Access Type Description Typical Scenario
system Table has 0 or 1 row System tables
const At most one matching row via PRIMARY KEY or UNIQUE WHERE id = 5
eq_ref One row per row from previous table; best JOIN type JOIN on PRIMARY KEY
ref Multiple rows match; non-unique index lookup WHERE dept_id = 3
range Indexed range scan WHERE gpa BETWEEN 3.0 AND 4.0
index Full index scan (all leaves) Covers query but reads whole index
ALL Full table scan — avoid for large tables No usable index

3.2 Index Range Scans

MySQL can use an index to satisfy range predicates (<, >, BETWEEN, IN, LIKE 'prefix%'):

-- Range scan on gpa index
EXPLAIN SELECT student_id, first_name, gpa
FROM students
WHERE gpa BETWEEN 3.5 AND 4.0;
-- type: range   key: idx_students_gpa   Extra: Using index condition

The engine locates the first qualifying leaf page, then follows leaf-level pointers rightward until the range is exhausted — a very efficient sequential read pattern.

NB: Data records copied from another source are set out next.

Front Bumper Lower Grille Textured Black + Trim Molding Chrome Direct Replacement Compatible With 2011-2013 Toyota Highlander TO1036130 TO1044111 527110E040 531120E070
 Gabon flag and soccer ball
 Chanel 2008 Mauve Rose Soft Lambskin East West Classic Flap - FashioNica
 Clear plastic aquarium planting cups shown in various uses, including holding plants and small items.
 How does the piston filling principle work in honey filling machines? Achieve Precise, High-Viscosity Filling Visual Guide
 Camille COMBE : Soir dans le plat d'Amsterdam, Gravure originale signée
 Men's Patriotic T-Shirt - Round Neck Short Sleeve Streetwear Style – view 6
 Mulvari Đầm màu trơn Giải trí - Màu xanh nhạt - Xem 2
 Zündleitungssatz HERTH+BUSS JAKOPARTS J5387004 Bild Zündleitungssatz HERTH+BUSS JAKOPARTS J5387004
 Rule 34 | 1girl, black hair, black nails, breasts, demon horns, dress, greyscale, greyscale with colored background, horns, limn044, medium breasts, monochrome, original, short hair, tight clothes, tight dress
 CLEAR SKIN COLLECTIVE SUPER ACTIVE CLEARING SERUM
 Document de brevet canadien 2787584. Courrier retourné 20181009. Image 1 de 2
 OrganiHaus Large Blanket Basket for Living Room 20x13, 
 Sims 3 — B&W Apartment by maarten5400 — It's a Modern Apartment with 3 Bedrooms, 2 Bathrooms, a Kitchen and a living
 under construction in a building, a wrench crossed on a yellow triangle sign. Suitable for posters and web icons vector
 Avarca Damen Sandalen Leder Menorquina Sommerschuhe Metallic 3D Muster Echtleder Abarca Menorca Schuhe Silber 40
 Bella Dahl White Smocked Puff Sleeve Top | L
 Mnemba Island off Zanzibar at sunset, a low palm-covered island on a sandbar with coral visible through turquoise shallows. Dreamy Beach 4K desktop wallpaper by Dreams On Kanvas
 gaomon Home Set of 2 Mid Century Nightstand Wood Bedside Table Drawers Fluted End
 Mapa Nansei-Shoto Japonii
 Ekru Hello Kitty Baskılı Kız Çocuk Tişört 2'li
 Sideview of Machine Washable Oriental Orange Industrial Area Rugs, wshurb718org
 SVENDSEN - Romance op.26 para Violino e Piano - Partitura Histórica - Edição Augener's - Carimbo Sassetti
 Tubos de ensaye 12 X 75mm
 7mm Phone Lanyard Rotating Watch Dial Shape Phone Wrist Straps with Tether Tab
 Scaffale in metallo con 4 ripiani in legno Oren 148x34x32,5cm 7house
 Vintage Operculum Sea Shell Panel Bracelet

3.3 Index Skip Scans (MySQL 8.0.13+)

Before MySQL 8, a composite index (dept_id, gpa) could not be used for WHERE gpa > 3.5 alone. The skip scan optimizer optimization allows MySQL to simulate multiple range scans, one per distinct dept_id value:

-- composite index (dept_id, gpa)
ALTER TABLE students ADD INDEX idx_dept_gpa (dept_id, gpa);

-- MySQL 8 may use skip scan even without dept_id in WHERE
EXPLAIN SELECT student_id, gpa
FROM students
WHERE gpa > 3.5;
-- Extra: Using index for skip scan

Skip Scan Caveat

Skip scans are only beneficial when the leading column has low cardinality (few distinct values). If dept_id has 500 distinct values, skip scan degenerates to 500 separate range scans and the optimizer will prefer a table scan.

3.4 Covering Indexes

A covering index is one that satisfies all columns referenced by a query — SELECT list, WHERE, ORDER BY, GROUP BY — without needing to touch the actual row data:

-- Without covering index: secondary index lookup + table lookup
SELECT first_name, last_name, gpa FROM students WHERE dept_id = 3;

-- Add covering index
ALTER TABLE students
    ADD INDEX idx_dept_cover (dept_id, last_name, first_name, gpa);

-- Now EXPLAIN shows: Extra: Using index  (no table lookup!)
EXPLAIN SELECT first_name, last_name, gpa
FROM students
WHERE dept_id = 3
ORDER BY last_name;

Covering Index Performance Gain

For a reporting query scanning 50,000 rows in a secondary index, avoiding table lookups can reduce I/O by 10×–50× because index pages are much denser than full row data pages.


4. Composite Index Design

4.1 The Leftmost Prefix Rule

MySQL can use a composite index (a, b, c) for queries that reference a prefix of the index columns, starting from the left:

Query Predicate Can Use (a, b, c)? Which Prefix
WHERE a = ? ✅ Yes (a)
WHERE a = ? AND b = ? ✅ Yes (a, b)
WHERE a = ? AND b = ? AND c = ? ✅ Yes (a, b, c)
WHERE b = ? ❌ No
WHERE b = ? AND c = ? ❌ No
WHERE a = ? AND c = ? ⚠️ Partial (a) only; c not used
WHERE a BETWEEN ? AND ? ✅ Yes (range on a) stops at a
WHERE a = ? AND b BETWEEN ? AND ? ✅ Yes (a) eq, (b) range
-- University query: students in a dept, sorted by last name
-- Best index: (dept_id, last_name, first_name)
ALTER TABLE students
    ADD INDEX idx_dept_name (dept_id, last_name, first_name);

SELECT student_id, first_name, last_name
FROM students
WHERE dept_id = 7
ORDER BY last_name, first_name;
-- Uses index for both filtering AND sorting — no filesort!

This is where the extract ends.